I dunno, my husband hates when my little one pulls out the same books over and over, but I love it as she will start to chime in rather than passively listen; right now she likes Berenstein Bears (sp) which I kinda like. Also have soft spot for Dr. Seuss though I had a friend who’s parents haaaaated those books. I suppose all I can offer is, especially after a long day, I hate the long unfamiliar ones and love the short, familiar rhyming ones. Not to rush through snuggles, just the reading aspect. Which does not make me a bad parent, we read every night, but I never stressed reading with my eldest instead I let her naturally grow her love of reading and now in grade three she flies through a chapter book every day or two 🙂
You forgot the Giving Tree aka “Selfish vs. Doormat? Choose Your Most Deplorable Character Flaw”.
Have you read Skippyjon Jones? It’s about a siamese cat who wants to be a crime-fighting chihuahua and it’s mostly english with some spanish. It’s kind of weird and not for everybody (both my husband and my nanny hate it) but I think it’s very fun to read.
That was one of my favorite books when I was little. What was wrong with me???
Go, Dog, Go is the worst. There is no plot.
Big dog, small dog, spotted dog. Dogs in a tree, dogs in a car…ugh.
I gave it to my kid’s preschool because if I had to read that F’er again, I would’ve set it on fire.
I can do the “leave a word out and she’ll fill it in” thing with about 80% of Mazzy’s books. The girl’s got a crazy memory. I love doing it though. Makes reading so much more entertaining.
We have this book called Art about a kid named Art who loves art. The whole thing rhymes and Mazzy fills in the rhyming word correctly on every page until the end. The last line is “Cause Mother loves Art” and Mazzy says “You” instead of “Art” every time. Even though it totally doesn’t rhyme. Makes me smile.
But the dog party on top of the tree looks like so much fun!!! I actually like that book. It was the first book Mazzy knew the title of and she had it almost memorized for a while. I took it out recently though and she doesn’t remember the words anymore.

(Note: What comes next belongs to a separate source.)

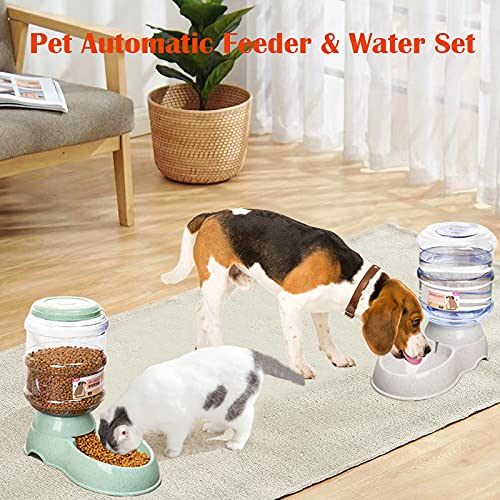Automatic Dog Feeder and Water Dispenser Set, Pet Water and Food Dispenser for Cat & Dog, Gravity Automatic Water Bowl… - Image 7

The Eric Carle Book about Mr. Seahorse. Good LORD that book is SO FREAKING LONG! And OF COURSE my son wants me to read it 80 million times in a row. I’m winded after reading it just once!
PINOCCHIO!! I find it terribly boring with the exception of these parts, which are disturbing to say the least.

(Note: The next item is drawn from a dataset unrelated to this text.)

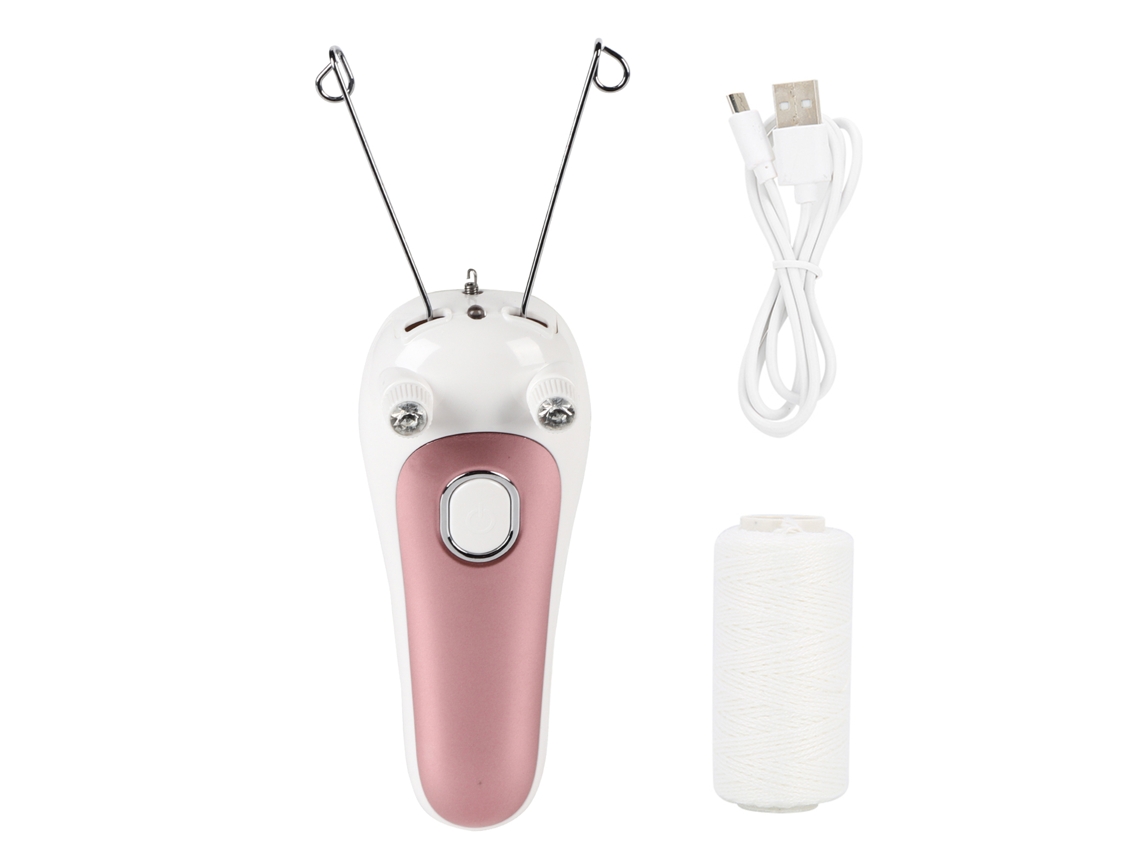 Depiladora eléctrica Hilo para rostro y cuerpo, color rosa.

‘I pay even more for small boys,” said the coachman.’
and
“He brought boys to a place called Pleasure Island. He said ‘No boys ever return’
WTF! I’m not reading that POS again!
O man. This post is my favorite. I could have written this. The long Thomas books are painful. We have a nice hardback “Thomas gets his own branch line” that goes on FOREVER. I flat out tell Landon I won’t read it. He can open it and look at the pages and kinda “reads” it with “and then james went uh oh”. “Oh no mama. what happened?” He gets what he wants and I don’t have to read the dreadful thing.
I also hate Goodnight Moon (and that is pretty much like bringing up bottle vs breast to some people).
And yes to most Dr. Suess. They are terrible. The cadence is just gone and it makes no sense anyway. And talk about long. UGH
O I could rant on for days. I think I smell a similar post coming soon…
Finally – someone who agrees with me about that book! I find it extremely creepy. Come on – the mother is climbing into her adult son’s house through a window to rock him?
I am totally in agreement with you on “Runaway Bunny”. Also, am I the only one who thinks the whole “I would be the wind and blow you” line is perverted? I have to change the words when I read it to my son because I just can’t say it to my 2 year old! Add to that list: “Stand back, said the Elephant, I’m going to sneeze”, “Silly Sally” and so many more…
I actually love The Runaway Bunny… but I’m about done with Green Eggs and Ham and The Wheels on the Bus. If you’re looking for a good book to read, definitely check out any of the Pigeon books (Don’t Let The Pigeon Drive The Bus, etc), they are GREAT!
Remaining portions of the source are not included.